* [Assignment]
The copy you return should hold every record below word for word and no images.

(Web page caption snippets)
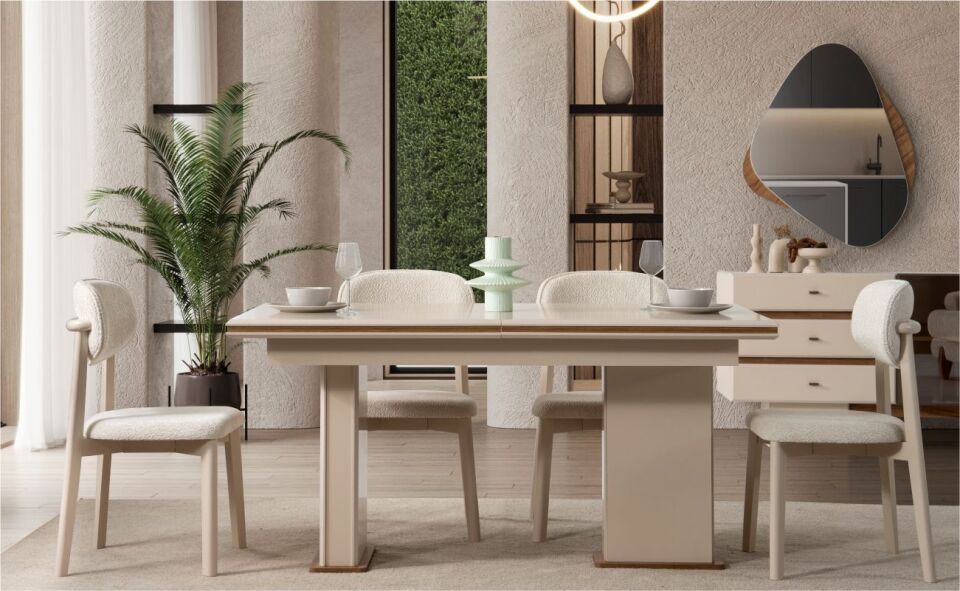 Morello İstanbul Yemek Odası Takımı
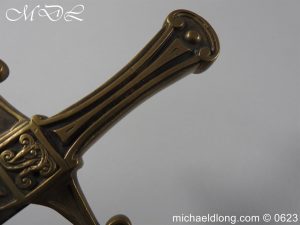 michaeldlong.com 3008342 300x225 Victorian Bandsman Sword with Curved Blade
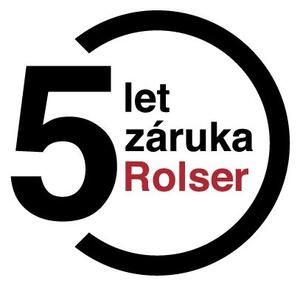 Rolser skládací schůdky M10 UNE, 2 stupně, EN131 pro profesionální použití, bílé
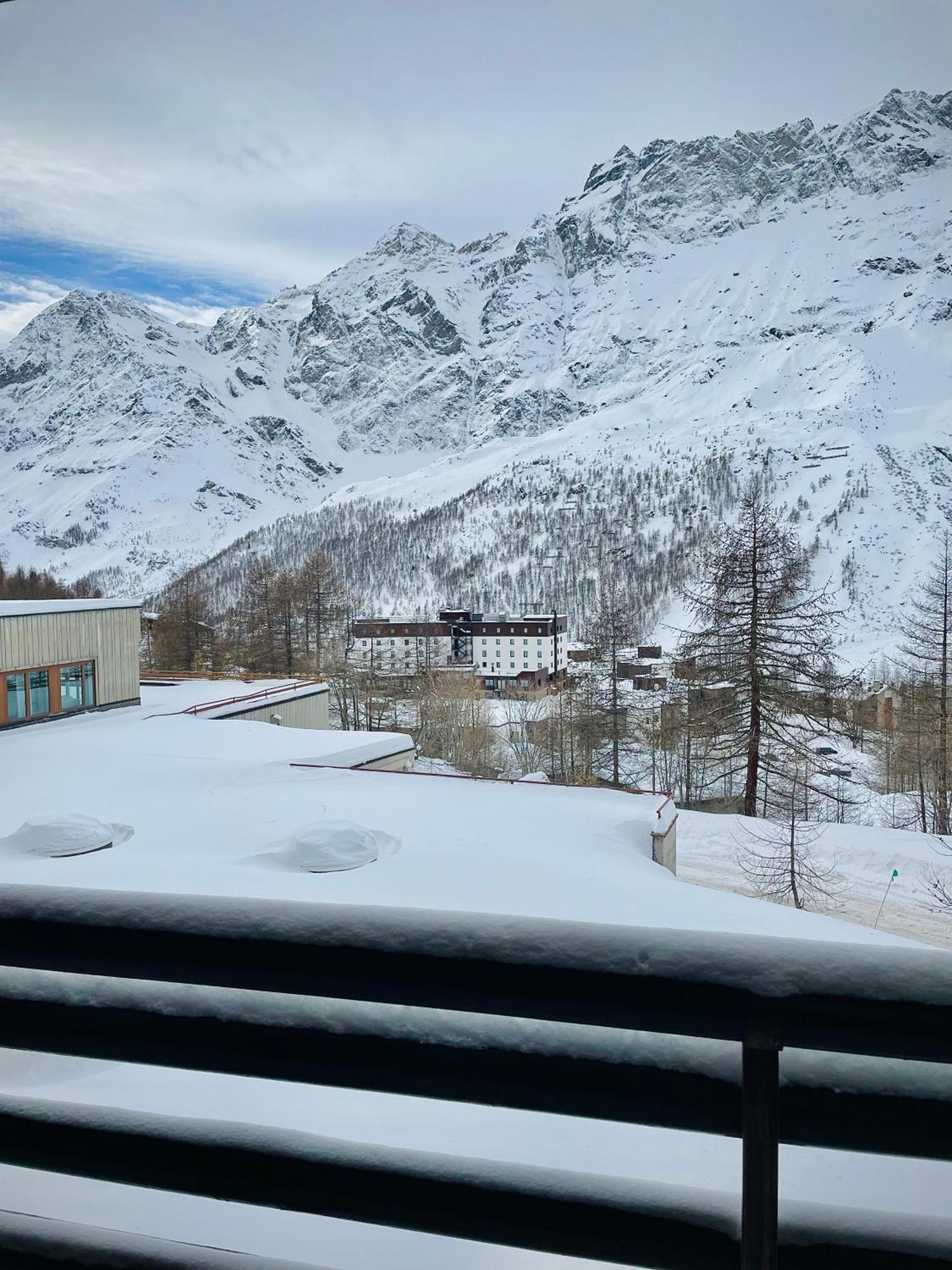 Ski Paradise - Cielo Alto Cervinia Breuil-Cervinia Exteriör bild
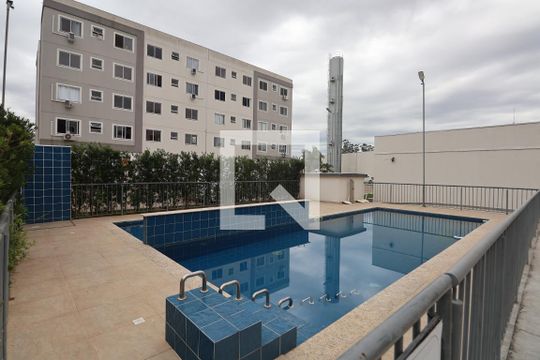 Área comum - Piscina de apartamento à venda com 2 quartos, 35m² em Mato Grande, Canoas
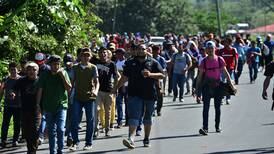 Nueva caravana de migrantes sale de Honduras hacia Estados Unidos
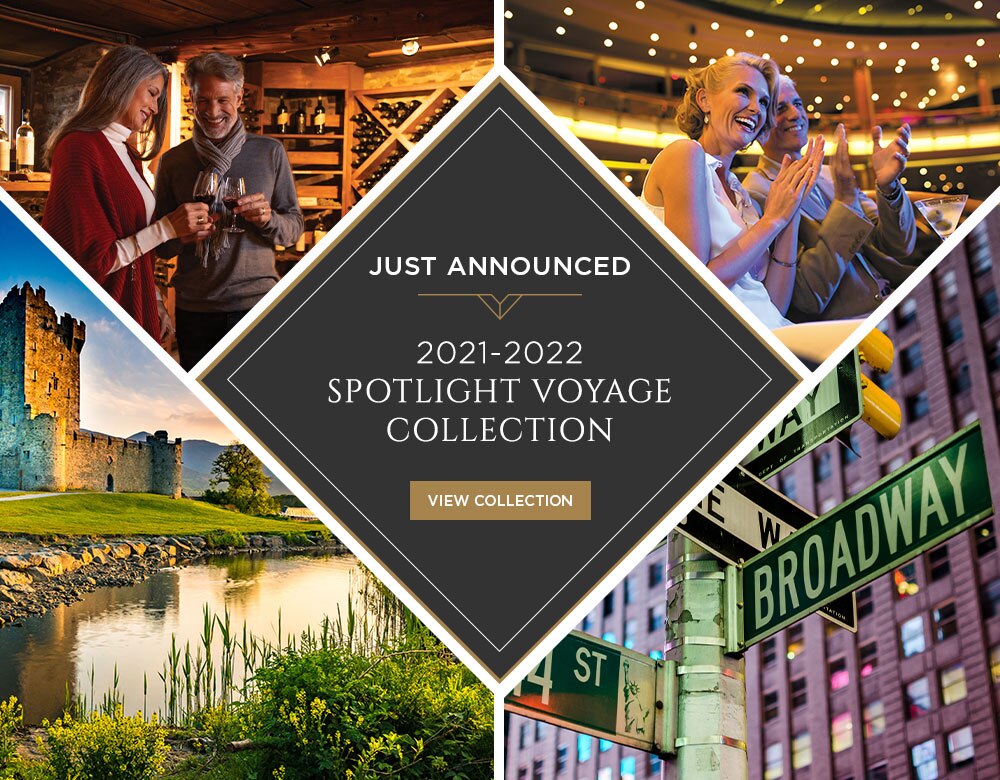 2021-2022 SPOTLIGHT VOYAGE COLLECTION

* [Solution below]
 Morello İstanbul Yemek Odası Takımı
 michaeldlong.com 3008342 300x225 Victorian Bandsman Sword with Curved Blade
 Rolser skládací schůdky M10 UNE, 2 stupně, EN131 pro profesionální použití, bílé
 Ski Paradise - Cielo Alto Cervinia Breuil-Cervinia Exteriör bild
 Área comum - Piscina de apartamento à venda com 2 quartos, 35m² em Mato Grande, Canoas
 Nueva caravana de migrantes sale de Honduras hacia Estados Unidos
 2021-2022 SPOTLIGHT VOYAGE COLLECTION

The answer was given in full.